To start us off, can you tell us a little bit about writing “The Bacchae?” Did anything in particular spark you to start writing this story?
I wrote “The Bacchae” heavily under the influence of J.G. Ballard, I think in particular his novel High Rise, which I’d just read. I’ve always been aware of how close our world is to the precipice, but I’d always projected the tipping point to be at some indeterminate moment in the future. With High Rise, I saw how the tipping point was right now. So I played with that notion, of the world devolving into a rather effete savagery. It’s funny to look back on “The Bacchae” and see how it anticipated shifts in the fashion world—some of those characters could have walked right off the runway of an Alexander McQueen show.
When I read “The Bacchae,” I was struck by how much the situation of the men in the story (absent some of the speculative elements) felt, to me, like the realities of everyday life for myself and most other women I know—reading reports of attacks and acquittals over attacks, nervous to be out in public at night, looked on with disapproval for making too much noise, and so on. Were the parallels intentional, or did they just grow organically with the story?
Oh, they were definitely intentional. I was abducted and raped in 1979, when I was 21, and I carried a huge amount of barely suppressed rage for a long time afterward. Today we’re a lot more open to the idea of women being proactive rather than reactive, much more in-your-face in their attitudes towards men: there’re a lot more women writers with a take-no-prisoners attitude, people like Cara Hoffman, Helen Zahavi, Gillian Flynn. I wrote “The Bacchae” in a pre-internet world, living in a fairly isolated setting in rural Maine, with no immediate contact to others who shared my own views or experiences. That story and “Justice,” written around the same time, exorcised some demons.
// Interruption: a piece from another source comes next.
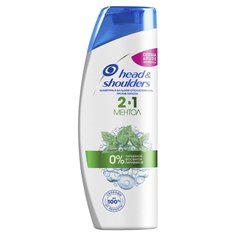 Шампунь Head & Shoulders, 2в1 Ментол, против перхоти, 400 мл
What are you working on these days?
I’m working on Flash Burn, the third Cass Neary novel, following on from Generation Loss and Available Dark.
What’s your favorite creepy urban legend?
Hmm. I’m partial to a story that the head counselor used to tell at a day camp where I worked as a counselor when I was a teenager—he’d recite it round the campfire during the annual overnight we’d have at the Pound Ridge Reservation. It was about Victor, the Radioactive Boy, who was on a campout and wandered away from the campsite, confronted some sort of alien or UFO, and became ten feet tall and glowing green. Victor now haunts the Reservation, and woe betide any hapless camper who wanders away from the campsite. The kids were terrified (believe it or not), and I was suitably impressed by how a good urban legend could also function as crowd control for a bunch of unruly middle schoolers.